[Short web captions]
*** Block opens ***
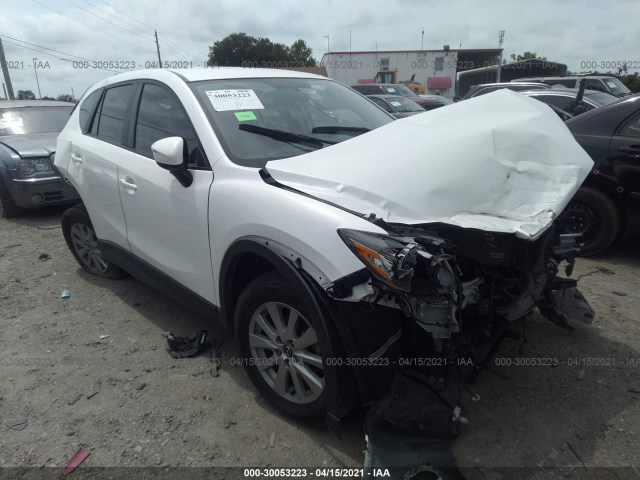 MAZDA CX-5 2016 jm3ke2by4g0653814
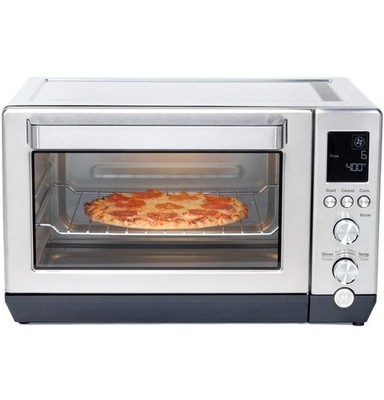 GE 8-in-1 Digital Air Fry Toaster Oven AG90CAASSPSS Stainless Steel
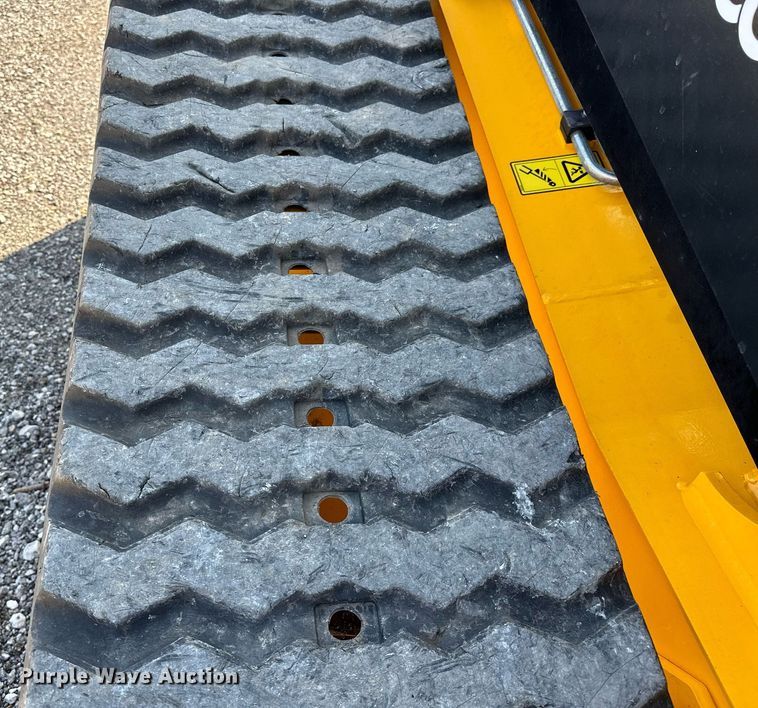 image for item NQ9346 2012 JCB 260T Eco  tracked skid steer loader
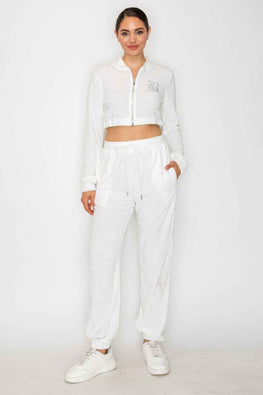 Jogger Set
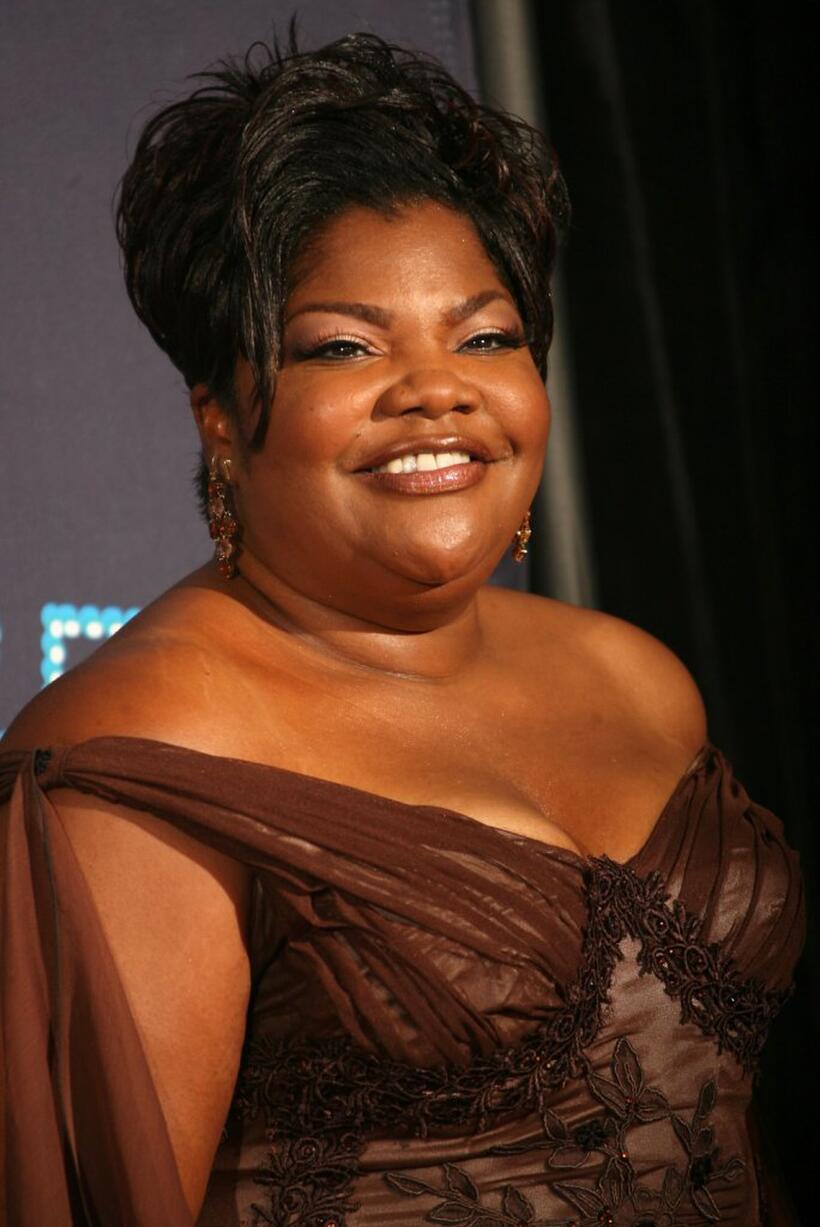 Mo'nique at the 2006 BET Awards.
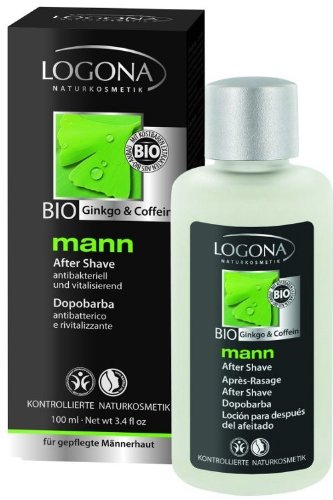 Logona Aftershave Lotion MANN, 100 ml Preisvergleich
*** Block closes ***
The expected output is every record above, copied exactly, without pictures.

 MAZDA CX-5 2016 jm3ke2by4g0653814
 GE 8-in-1 Digital Air Fry Toaster Oven AG90CAASSPSS Stainless Steel
 image for item NQ9346 2012 JCB 260T Eco  tracked skid steer loader
 Jogger Set
 Mo'nique at the 2006 BET Awards.
 Logona Aftershave Lotion MANN, 100 ml Preisvergleich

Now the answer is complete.